#### [What to work on]
Reproduce every record verbatim but drop the pictures.

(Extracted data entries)
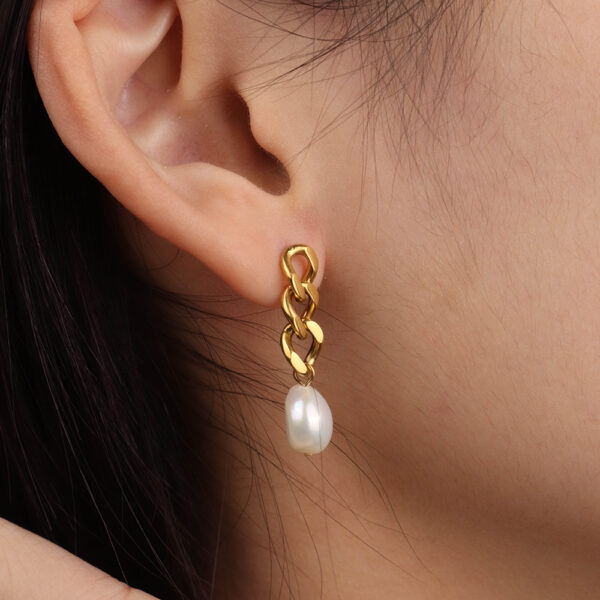 Chris April fashion 316L Stainless Steel PVD plated asymmetry chain freshwater baroque pearl earrings - Image 5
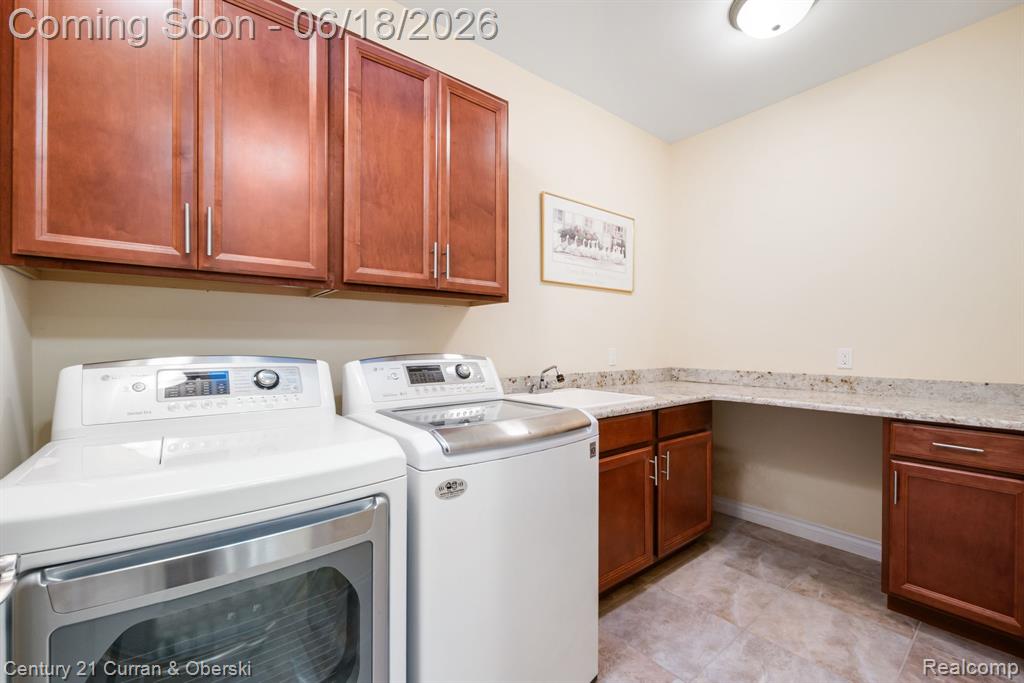 34225 Thornbrook Drive, Farmington, MI 48335 — Photo 43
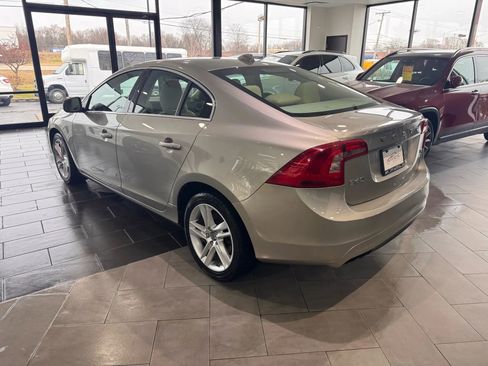 Used 2015 Volvo S60 T5 Premier image 3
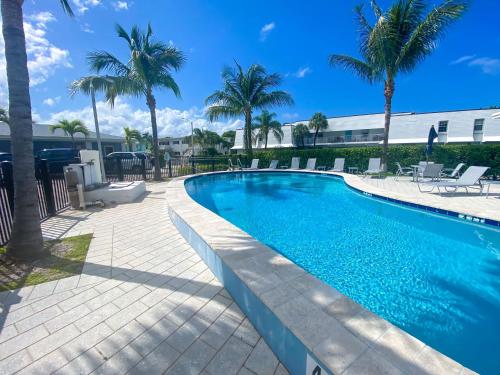 Tropical Oasis by the beach and shops, with pool in Riviera Beach, USA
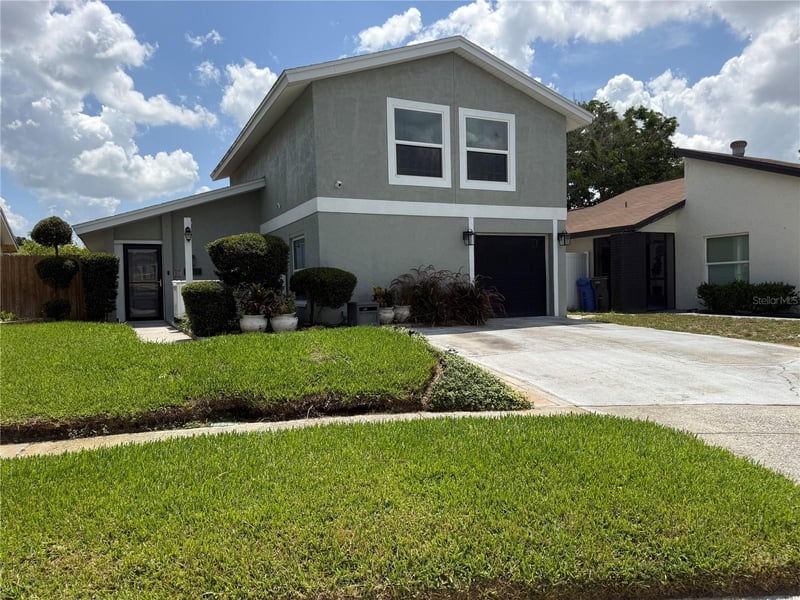 10009 Regal Woods Ln, Tampa, FL 33624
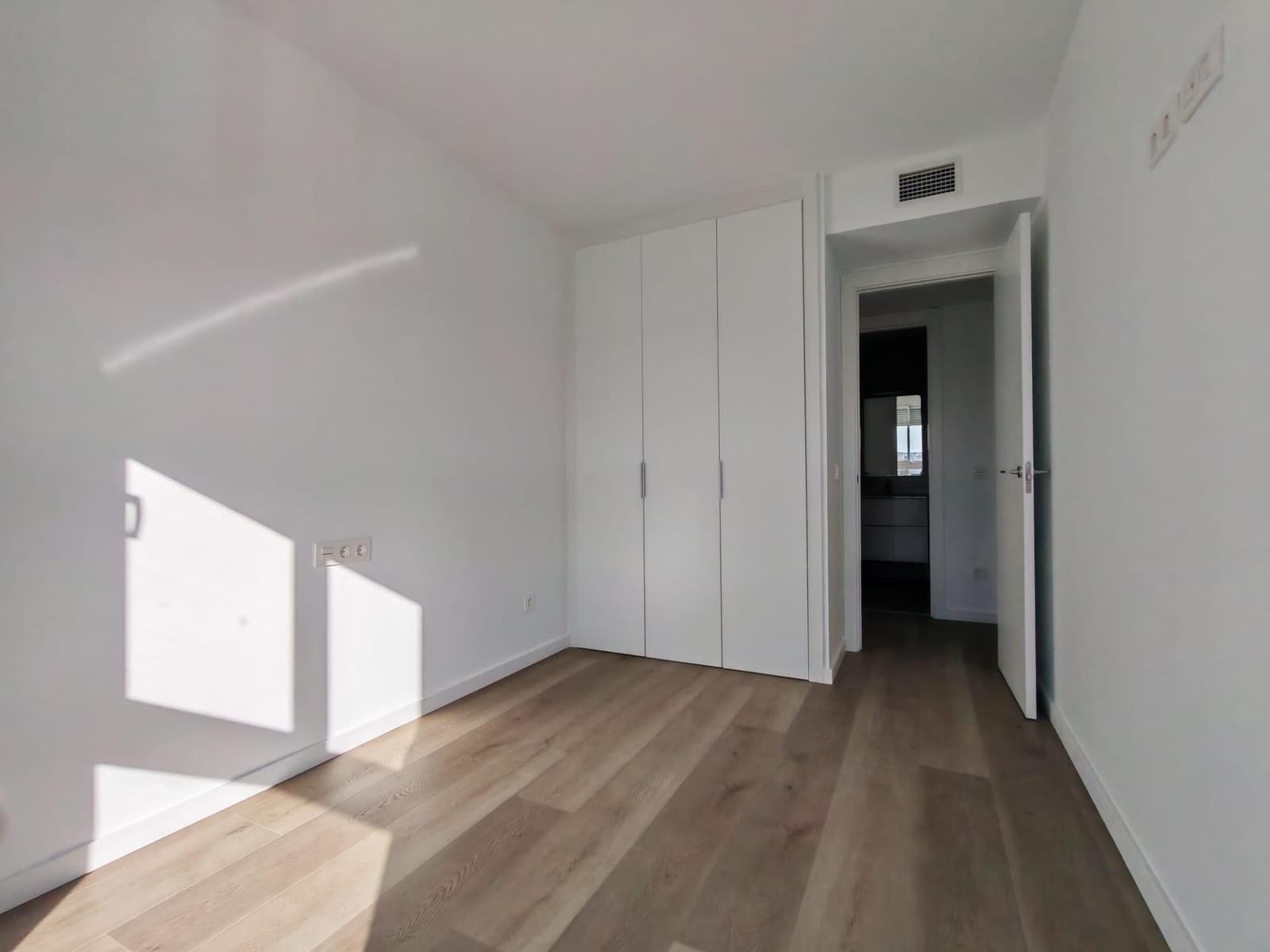 2 soverom Leilighet til leie i Alboraya / Alboraia - € 1 350 (Ref: 10059265)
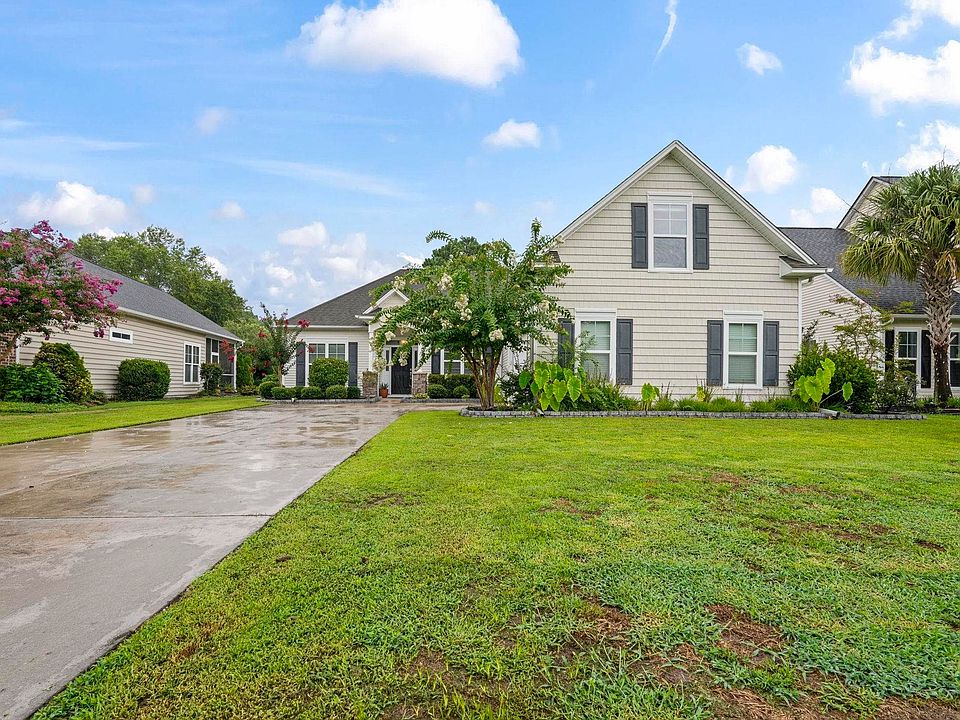 1st image of 348 Esher Ct.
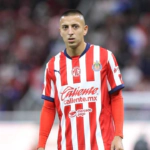 El mexicano Roberto Alvarado apunta a la selección como su prioridad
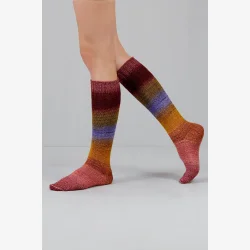 Gusto Wool Echoes � h�ndfarvet str�mpegarn med merino. 100g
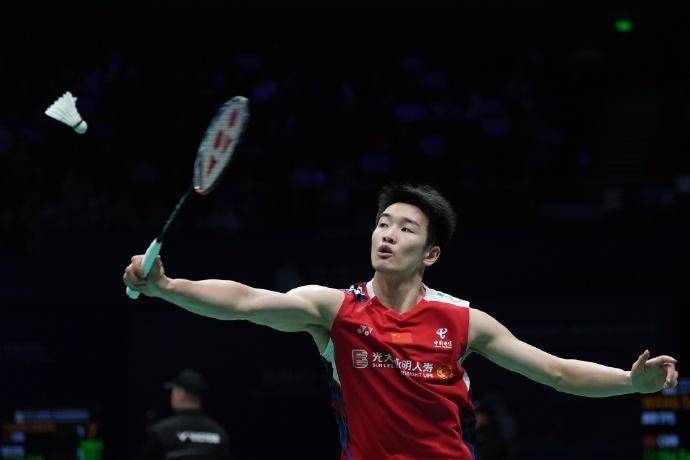 世界冠军金廷,金廷曾经获得过汤姆斯杯的冠军,他是印尼羽毛球的领军
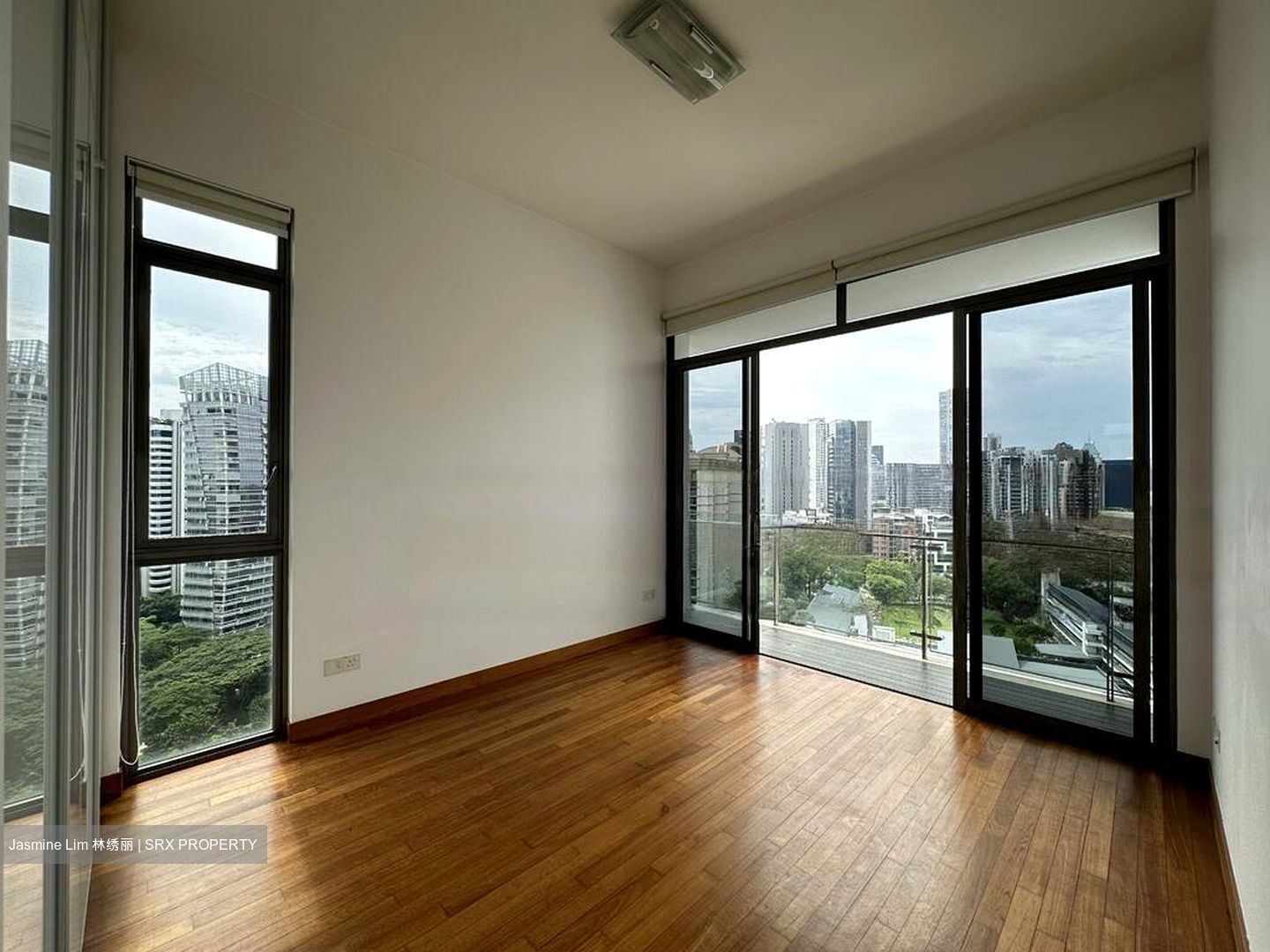 Latitude (D10), Condominium #450554411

#### [Exercise solution]
 Chris April fashion 316L Stainless Steel PVD plated asymmetry chain freshwater baroque pearl earrings - Image 5
 34225 Thornbrook Drive, Farmington, MI 48335 — Photo 43
 Used 2015 Volvo S60 T5 Premier image 3
 Tropical Oasis by the beach and shops, with pool in Riviera Beach, USA
 10009 Regal Woods Ln, Tampa, FL 33624
 2 soverom Leilighet til leie i Alboraya / Alboraia - € 1 350 (Ref: 10059265)
 1st image of 348 Esher Ct.
 El mexicano Roberto Alvarado apunta a la selección como su prioridad
 Gusto Wool Echoes � h�ndfarvet str�mpegarn med merino. 100g
 世界冠军金廷,金廷曾经获得过汤姆斯杯的冠军,他是印尼羽毛球的领军
 Latitude (D10), Condominium #450554411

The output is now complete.